Trump's Cruel Anti-Transexual Political crusade Could Just Backfire






 Harry Cheadle 
VICE

On Sunday, the New York Times reported that the Trump administration was considering changing federal rules to define a person's gender as an immutable fact based on the genitals they were born with. The move would effectively strip trans people of civil rights they currently have—to at least some extent—under laws banning discrimination on the basis of sex. This threat to effectively erase the legal existence of an estimated 1.4 million trans people in America has already inspired protests and calls to action, as did previous moves by the administration to restrict the ability of trans-Americans to live their lives freely. If Donald Trump and Attorney General Jeff Sessions follow through on the proposed actions leaked to the Times, it will be the most severe rollback of trans rights to date. 
If there is any silver lining, it's that the move would be widely unpopular, the kind of heinous, high-profile act of cruelty that inspires voters to strike back against the Republican Party.
Since Trump's surprise victory in 2016, Democrats have been advised repeatedly by a variety of pundits to stop focusing on "identity politics," an often vaguely defined term usually applied to perspectives or policies focused on race, gender, or sexual and gender identity. But especially when it comes to trans issues, it's been Republicans who have advanced identity-based positions: Their stance is essentially to enshrine discrimination into law, forcing Democrats to respond. 
At the state level, this has most notably come in the form of "bathroom bills" that seek to compel trans people to use the bathroom of the gender they were assigned at birth, laws that are often defended by absurdly linking the presence of trans people in bathrooms to crime. In North Carolina, so many businesses boycotted the state after it passed one such bill that an estimate projected it to lose $3.76 billion over a dozen years. Even though lawmakers partially repealed the law last year, it still inspired enough backlash that many Republican state legislators may be vulnerable in the November midterms. That result may have scared other Republicans—even Texas Governor Greg Abbott has backed off from championing a bathroom bill.
Public opinion is divided on trans issues in many ways. A Pew survey from last year found that 54 percent of Americans—including a large majority of Republicans—said that whether a person is a man or woman "is determined by the sex they were assigned at birth." That cuts against the somewhat more nuanced understanding of the difference between sex and gender that a lot of progressives espouse. But this attitude doesn't necessarily translate into prejudiced views: Only a third of Americans thought the country had "gone too far" in accepting trans people, that poll concluded.
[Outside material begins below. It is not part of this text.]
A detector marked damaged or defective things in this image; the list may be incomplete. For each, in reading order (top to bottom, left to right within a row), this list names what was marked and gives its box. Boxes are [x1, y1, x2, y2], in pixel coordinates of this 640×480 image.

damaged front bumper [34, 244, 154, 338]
Other surveys have found that Americans are becoming more tolerant of trans people, and most of them oppose bathroom bills (attitudes may have shifted on the latter point since 2016 when North Carolina passed its law). 
And though Republicans are more likely to hold anti-trans views, the GOP is not a monolith on this issue—in 2016, Massachusetts Governor Charlie Baker signed a bill banning anti-trans discrimination, saying, “No one should be discriminated against in Massachusetts because of their gender identity.” (Baker, by the way, is the most popular governor in the country, according to one poll.) 
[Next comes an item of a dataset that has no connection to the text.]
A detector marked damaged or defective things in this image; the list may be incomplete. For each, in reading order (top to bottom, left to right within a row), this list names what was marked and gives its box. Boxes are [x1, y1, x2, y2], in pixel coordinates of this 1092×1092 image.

That makes Trump's anti-trans agenda all the more striking. Despite making vague promises of being pro-LGBTQ during the presidential campaign, his administration has been broadly hostile to LGBTQ rights, as shown by his banning of trans people from the military and his Justice Department's shift away from protecting gay and trans people from discrimination. Those moves may be popular among the white evangelical Christians who are Trump's most devoted base, but they don't reflect the country as a whole. Multiple polls have found that Americans tend to support trans people serving in the military, for instance.
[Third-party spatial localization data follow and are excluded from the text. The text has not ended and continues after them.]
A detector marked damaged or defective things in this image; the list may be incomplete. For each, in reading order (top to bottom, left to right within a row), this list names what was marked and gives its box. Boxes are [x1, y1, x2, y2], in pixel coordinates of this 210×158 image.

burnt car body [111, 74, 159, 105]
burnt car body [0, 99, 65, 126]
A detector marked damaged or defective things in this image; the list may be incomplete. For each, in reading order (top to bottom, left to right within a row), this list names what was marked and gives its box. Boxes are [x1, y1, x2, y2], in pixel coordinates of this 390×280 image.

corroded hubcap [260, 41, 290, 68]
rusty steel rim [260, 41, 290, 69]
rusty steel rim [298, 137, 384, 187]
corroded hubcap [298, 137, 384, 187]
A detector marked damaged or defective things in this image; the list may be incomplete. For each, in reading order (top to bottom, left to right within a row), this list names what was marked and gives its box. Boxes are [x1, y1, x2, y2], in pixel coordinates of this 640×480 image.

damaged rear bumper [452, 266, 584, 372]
It's not clear given his history whether Trump is personally an anti-trans bigot, but he may roll back trans rights to appease those evangelicals—or because his administration is stocked with officials who favor such a rollback and he really doesn't care, to quote his wife's famous outfit. If he does approve the policies leaked to the Times, it will be one more vicious move from a White House that has made cruelty its trademark. Americans do not by and large support such cruelty, and just as was the case with North Carolina's bathroom bill, any attempt at erasure of trans people may inspire a backlash that throws Republicans out of office. Former North Carolina Governor Pat McCrory may have lost thanks to that piece of prejudiced legislation. Trump could be poised to follow the same ugly path to defeat.